» SUPPLIED DATA
· · · · · · ·

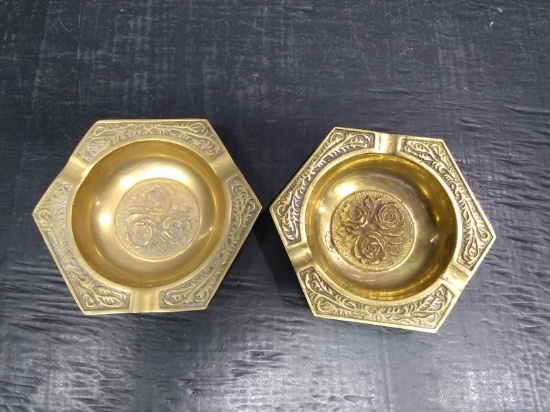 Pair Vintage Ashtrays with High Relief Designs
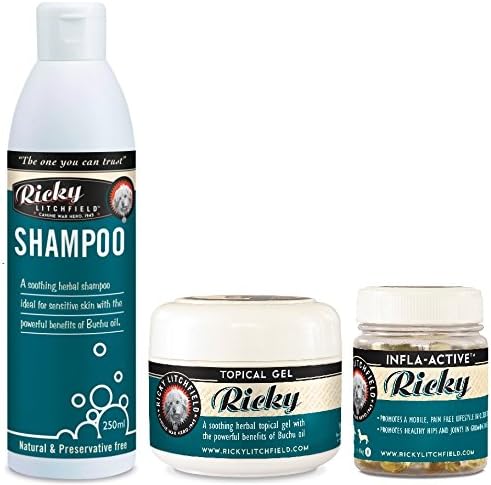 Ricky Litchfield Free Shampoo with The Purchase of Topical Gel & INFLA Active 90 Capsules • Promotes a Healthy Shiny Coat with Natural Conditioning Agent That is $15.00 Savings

· · · · · · ·

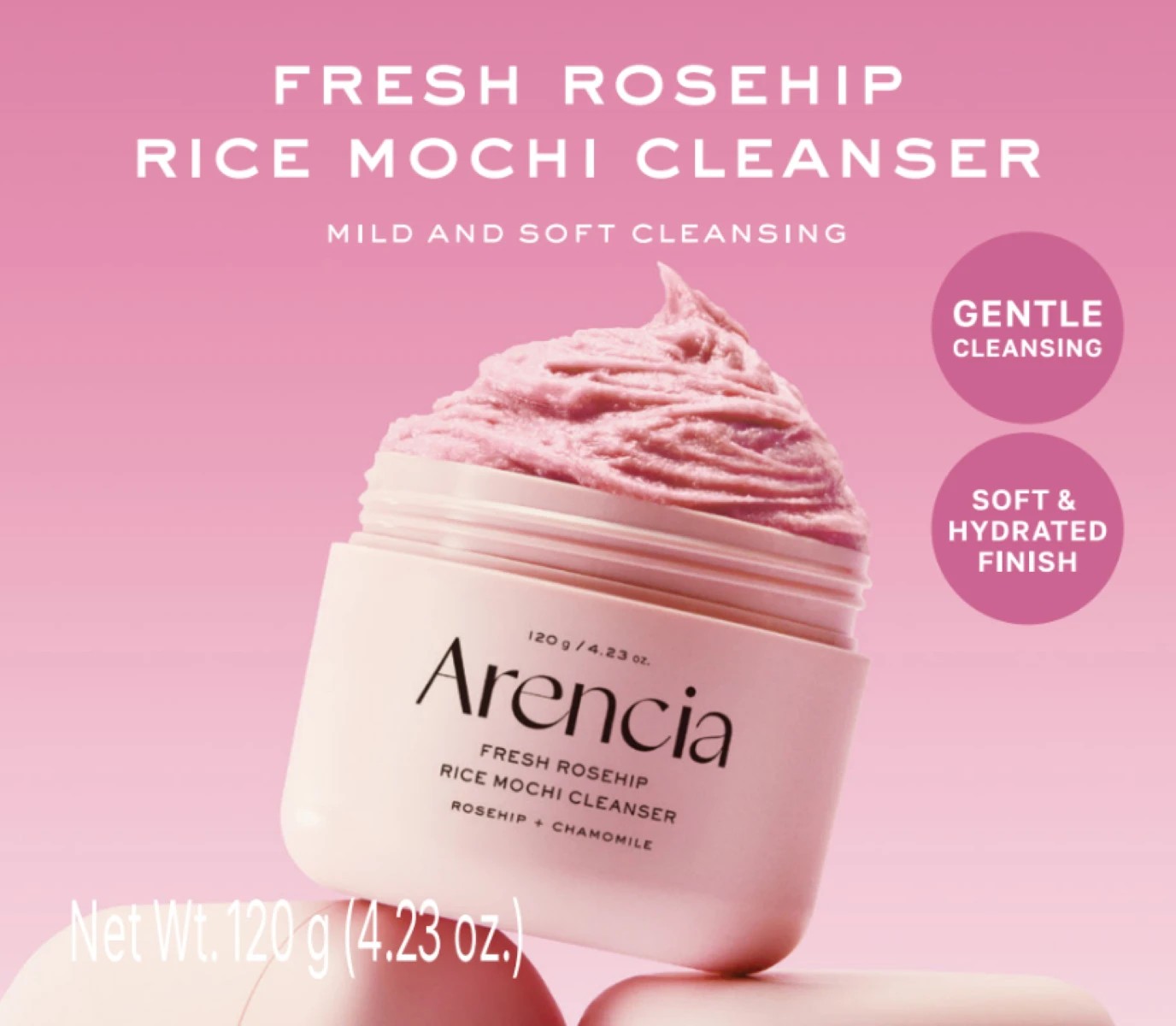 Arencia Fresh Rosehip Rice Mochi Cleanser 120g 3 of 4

· · · · · · ·

» ACTIVITY
Look above for the line with "Pair Vintage Ashtrays" and the line with "Ricky Litchfield Free", then copy exactly the lines from the first through the second, both kept, with no pictures.

» RESPONSE AREA
 Pair Vintage Ashtrays with High Relief Designs
 Ricky Litchfield Free Shampoo with The Purchase of Topical Gel & INFLA Active 90 Capsules • Promotes a Healthy Shiny Coat with Natural Conditioning Agent That is $15.00 Savings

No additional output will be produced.